November 19, 2012: it’s World Toilet Day. Around the world, one in three women has no access to a safe toilet. The situation, especially for women, is desperate. It’s a global crisis, driven in many instances by taboos and stigma and in others by public policy. From Uganda, Mozambique, India, and the Solomon Islands to Mongolia and Vietnam to Haiti to Bolivia to South Africa and Kenya and Zambia and Ghana to Sri Lanka to Ethiopia, the situation is serious. As Jack Sim, founder of the World Toilet Organization, the real WTO, and one of the initiators of World Toilet Day has argued, it’s a human tragedy.
Women’s lack of access to safe toilets is a human tragedy everywhere. Not just in developing countries.
Last week, 20 women U.S. Senators gathered for an event. Before the event, they headed off to the women’s bathroom, only to discover there were only two stalls. While much levity has been generated by “first time ever traffic jam at the women’s Senators’ bathroom”, by women Senators hitting up against the porcelain ceiling, the Senators’ lack of access to a safe, clean, available toilet points to a more dire situation, in the United States.
Women prisoners often lack access to safe, clean, available toilets. Women living with disabilities who have been institutionalized often lack access to safe, clean, available toilets. In fact, women living with disabilities out on the streets often lack access to safe, clean, available toilets. Women and girls in schools often find going to the bathroom a hazardous journey.

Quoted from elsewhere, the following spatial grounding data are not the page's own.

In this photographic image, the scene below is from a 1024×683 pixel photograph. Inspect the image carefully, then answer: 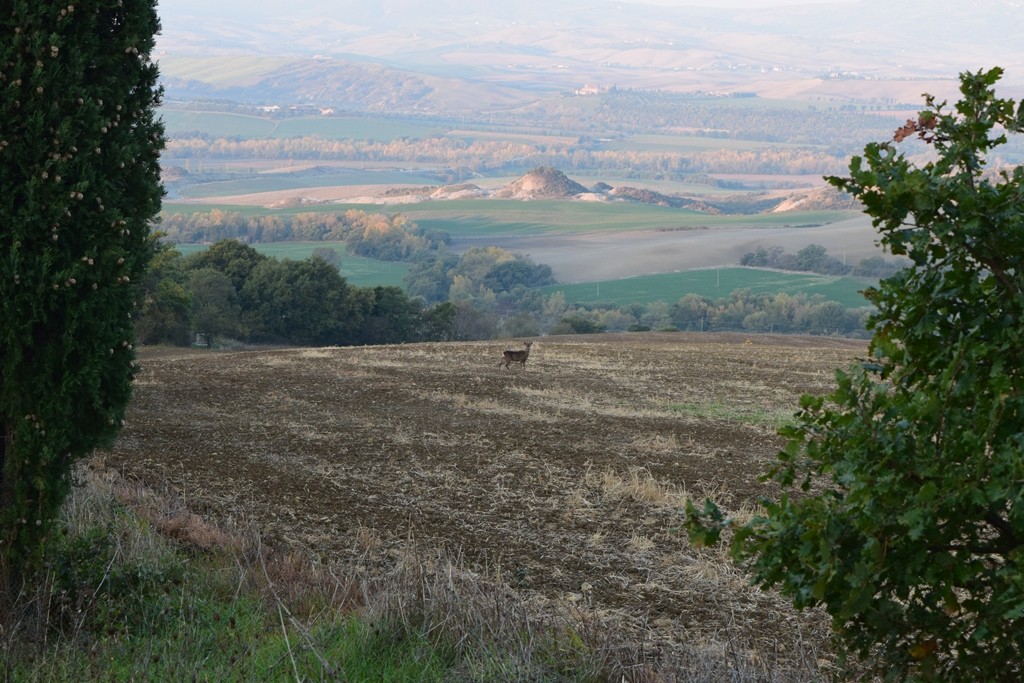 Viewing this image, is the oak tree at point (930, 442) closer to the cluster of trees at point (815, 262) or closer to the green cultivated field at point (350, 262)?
the green cultivated field at point (350, 262)

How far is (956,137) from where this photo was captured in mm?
3605

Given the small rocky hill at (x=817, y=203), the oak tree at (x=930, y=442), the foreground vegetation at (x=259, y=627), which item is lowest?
the foreground vegetation at (x=259, y=627)

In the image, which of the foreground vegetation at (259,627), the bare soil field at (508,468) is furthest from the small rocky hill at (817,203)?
the foreground vegetation at (259,627)

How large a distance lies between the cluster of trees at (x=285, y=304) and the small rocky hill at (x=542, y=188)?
4626 inches

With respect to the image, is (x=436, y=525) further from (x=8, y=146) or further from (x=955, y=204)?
(x=955, y=204)

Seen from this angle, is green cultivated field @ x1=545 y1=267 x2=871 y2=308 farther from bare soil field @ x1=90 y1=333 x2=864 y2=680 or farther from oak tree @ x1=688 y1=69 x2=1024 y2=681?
oak tree @ x1=688 y1=69 x2=1024 y2=681

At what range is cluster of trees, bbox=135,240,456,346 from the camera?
47.5 meters

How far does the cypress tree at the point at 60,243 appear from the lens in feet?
19.3

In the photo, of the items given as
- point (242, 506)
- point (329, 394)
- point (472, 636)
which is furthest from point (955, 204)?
point (329, 394)

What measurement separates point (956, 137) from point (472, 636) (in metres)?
3.37

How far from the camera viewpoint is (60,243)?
6.05 m

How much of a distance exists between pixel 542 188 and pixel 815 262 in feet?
234

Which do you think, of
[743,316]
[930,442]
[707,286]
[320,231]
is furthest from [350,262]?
[930,442]

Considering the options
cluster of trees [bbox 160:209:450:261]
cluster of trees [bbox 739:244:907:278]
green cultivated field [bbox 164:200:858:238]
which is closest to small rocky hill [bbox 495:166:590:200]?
green cultivated field [bbox 164:200:858:238] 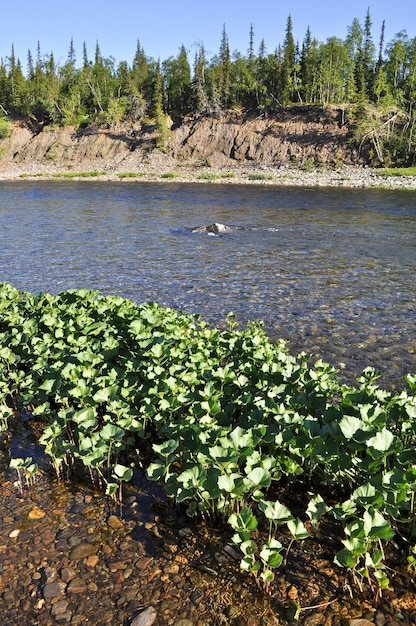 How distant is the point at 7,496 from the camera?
199 inches

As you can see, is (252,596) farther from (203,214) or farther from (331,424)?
(203,214)

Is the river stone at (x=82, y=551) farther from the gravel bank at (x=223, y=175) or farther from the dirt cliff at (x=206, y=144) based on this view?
the dirt cliff at (x=206, y=144)

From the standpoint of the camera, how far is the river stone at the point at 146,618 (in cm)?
362

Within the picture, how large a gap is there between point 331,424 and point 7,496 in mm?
3377

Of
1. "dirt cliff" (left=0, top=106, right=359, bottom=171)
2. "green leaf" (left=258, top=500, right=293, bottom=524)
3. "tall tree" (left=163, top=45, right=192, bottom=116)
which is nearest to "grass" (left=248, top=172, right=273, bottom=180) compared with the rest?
"dirt cliff" (left=0, top=106, right=359, bottom=171)

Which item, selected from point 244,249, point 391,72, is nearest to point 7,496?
point 244,249

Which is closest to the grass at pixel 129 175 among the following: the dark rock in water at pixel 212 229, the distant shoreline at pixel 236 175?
the distant shoreline at pixel 236 175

Women in traditionally all-male fields often lack access to safe, clean, available toilets. For example, women in the building trades often describe “limited access to sanitary toilets.”
Many women farm workers find no toilets in the fields, and when there is one, it’s often a site of sexual harassment. They find the housing provided to farm workers has a similar lack of functioning toilets, as well as a lack of functioning sewage and potable water.
And of course, across the United States, when landlords look to move tenants out in the name of `development’, the first line of attack is maintenance. Along with failure, or refusal, to repair public spaces, such as hallways and lobbies, landlords use broken plumbing in their `assault by blight’. Across the United States, women, mostly women of color, living in targeted neighborhoods struggle with lack of access to safe, clean, available toilets.
World Toilet Day is WORLD Toilet Day, not developing world toilet day.